Archaeology at Washington and Lee University

Washington and Lee University maintains an active research program in anthropological archaeology. Every spring term we run one of two courses--Field Methods or Laboratory Methods in Archaeology (SOAN 210 and 211), which are typically taught in alternating years. Faculty, students, alumni, and researchers from outside the university study artifacts and records in our collection year round at the Laboratory of Anthropogy. We also collaborate with students on active research projects through the Federal Work Study Program and the Leyburn Scholars Program in Anthropology

Students have been participating in field schools with university faculty since 1974, beginning with excavations at the site of Liberty Hall Academy, the predecessor of Washington and Lee University, which operated there from 1782 until January of 1803. 

Starting in the 1980s, W&L archaeologists engaged in research programs called the High Hollows Project and Early Industries in the Valley of Virginia, which investigated a series of domestic sites and pottery kilns. Beginning in the 1990s and early 2000s, our work focused on sites at the Longdale Mining Community in Alleghany County, Virginia. Later efforts included excavation at Thomas Jefferson’s Monticello on the Bacon Site and at Morven Farm near Charlottesville, Virginia.

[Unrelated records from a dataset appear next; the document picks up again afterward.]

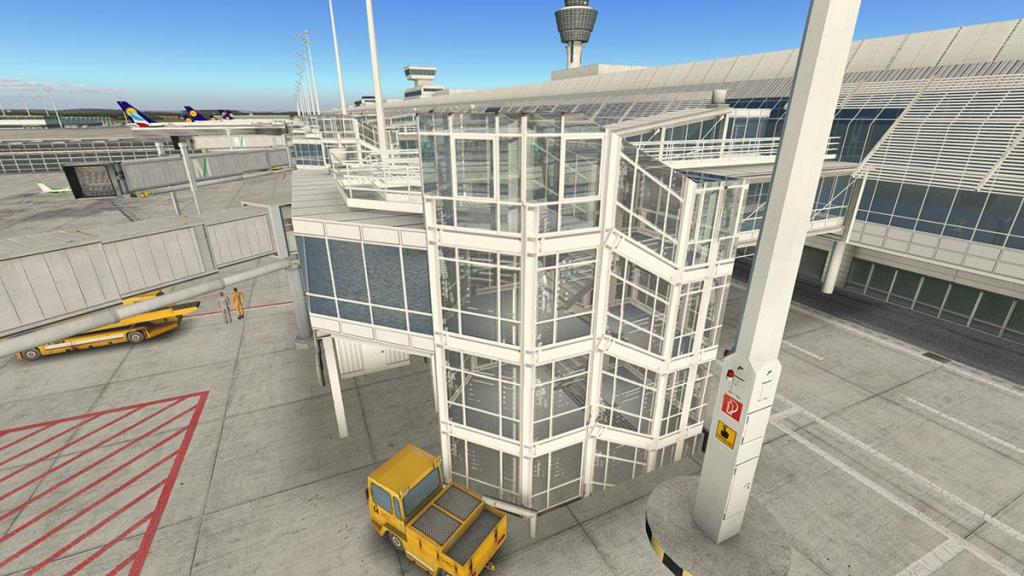EDDM - Munich Terminal 1-5.jpg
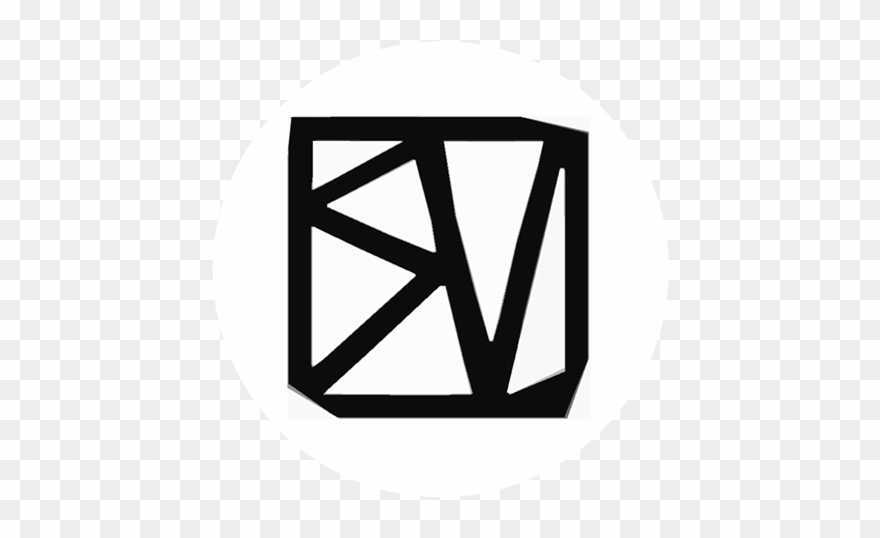 Inspired By The Saint Seiya Character "aioros Of Sagittarius" Clipart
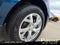 2020 Chevrolet Equinox AWD Premier 1.5L Turbo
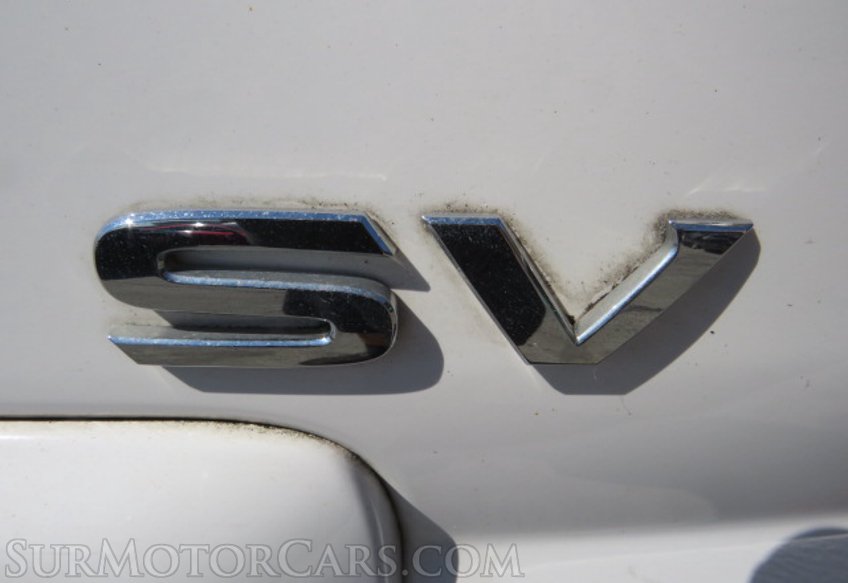 2020 Nissan NV200 Compact Cargo - Image 19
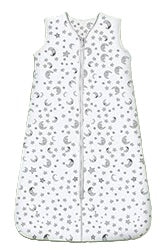 LICTIN zimní spací pytel 2,5TOG 63-83cm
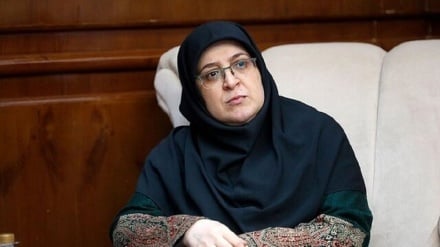 Mühacirani: 72 qadın və uşaq şəhid olub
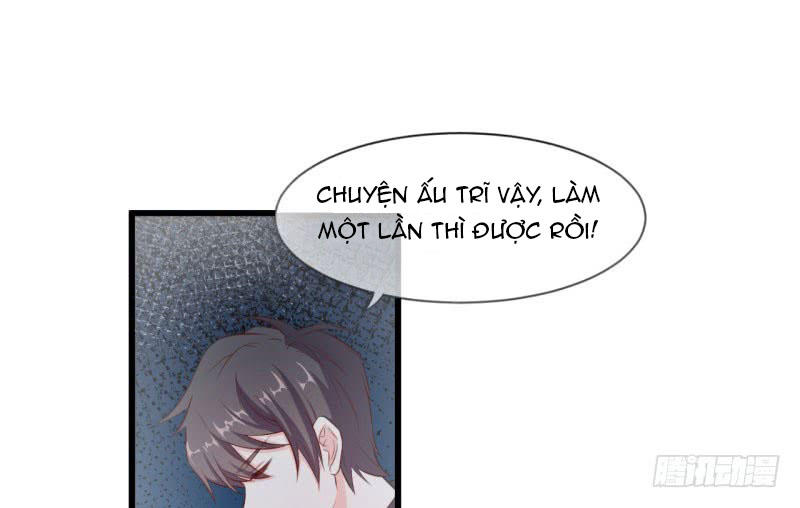 Ám Luyến Thành Hôn Chapter 92 - Trang 2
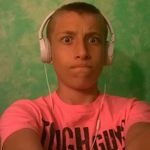 Brayden Burdine - @brayden_burdine - Instagram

More recently, W&L archaeologists and students conducted research on the Washington and Lee University front-campus site of Graham Hall, a dorm/academic building (c. 1804-1835), which was replaced by Chavis Hall (built in 1841). Other recent research includes archaeological testing of domestic and commercial structures at Jordan’s Point in Lexington, and research on the McDowell Cemetery near Fairfield, Virginia.

Starting in 2014, we returned to Liberty Hall with the goal of investigating the period after 1803 when the landscape shifted from an Academy to one of plantation slavery. The University began developement plans for upper-division housing on back campus, a stone's throw from the iconic Liberty Hall ruins. The Laboratory of Anthropology began historical research and archaeological fieldwork to investigate areas impacted by that development. This preliminary work quickly developed into one of the main objectives of our research, with plans for long-term research investigating and preserving our important archaeological resources and collections.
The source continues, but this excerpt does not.